Reproduce nothing but the lines from the start of the material through the line that includes "Frigorifero 53, 9'", both ends included, and omit every picture.

* _DATA EXTRACT_
═══

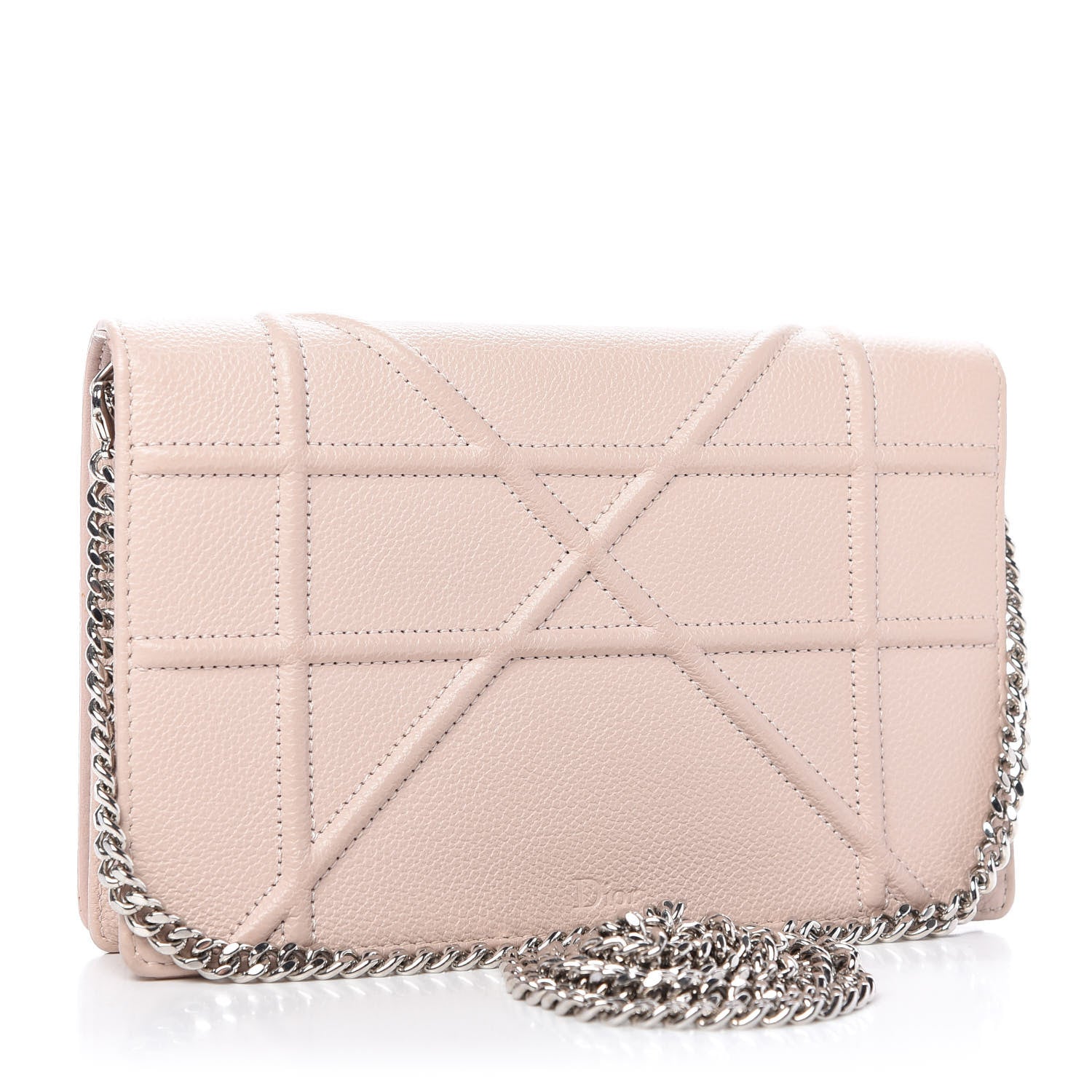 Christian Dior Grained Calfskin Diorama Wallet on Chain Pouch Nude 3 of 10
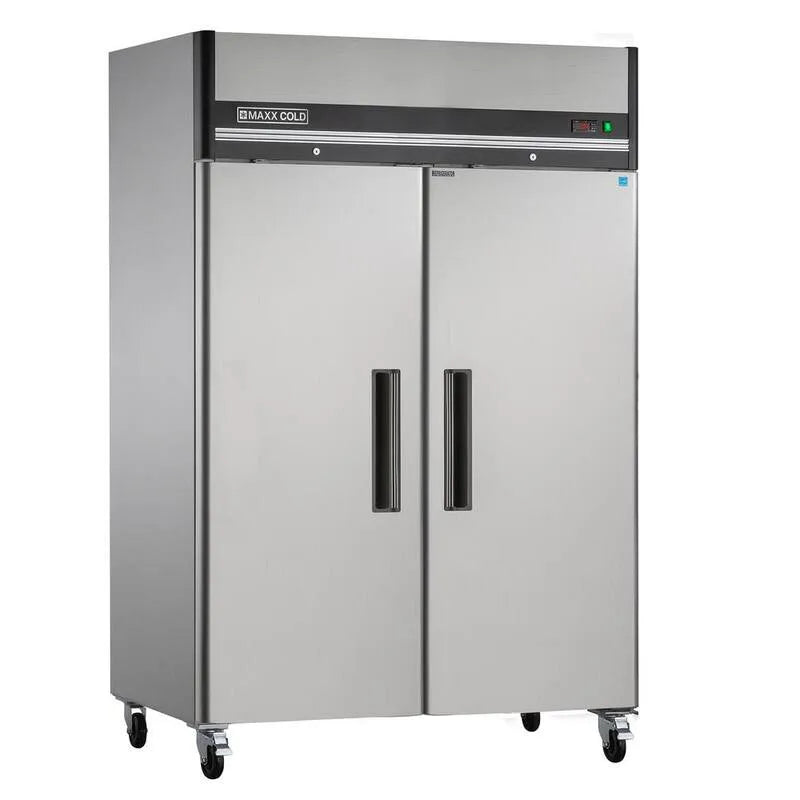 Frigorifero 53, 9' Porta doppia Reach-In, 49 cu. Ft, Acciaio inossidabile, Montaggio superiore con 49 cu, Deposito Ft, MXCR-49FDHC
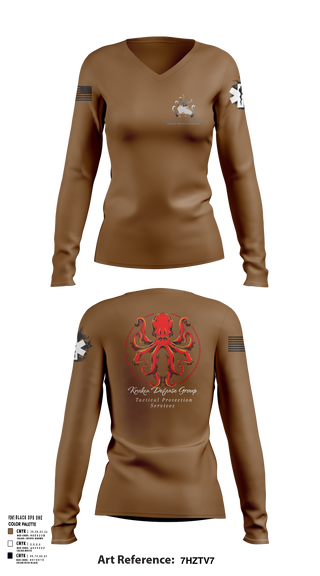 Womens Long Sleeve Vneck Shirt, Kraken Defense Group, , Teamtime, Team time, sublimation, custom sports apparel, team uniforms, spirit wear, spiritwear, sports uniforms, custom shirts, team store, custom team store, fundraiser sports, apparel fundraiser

═══

* _WRITTEN SOLUTION_
 Christian Dior Grained Calfskin Diorama Wallet on Chain Pouch Nude 3 of 10
 Frigorifero 53, 9' Porta doppia Reach-In, 49 cu. Ft, Acciaio inossidabile, Montaggio superiore con 49 cu, Deposito Ft, MXCR-49FDHC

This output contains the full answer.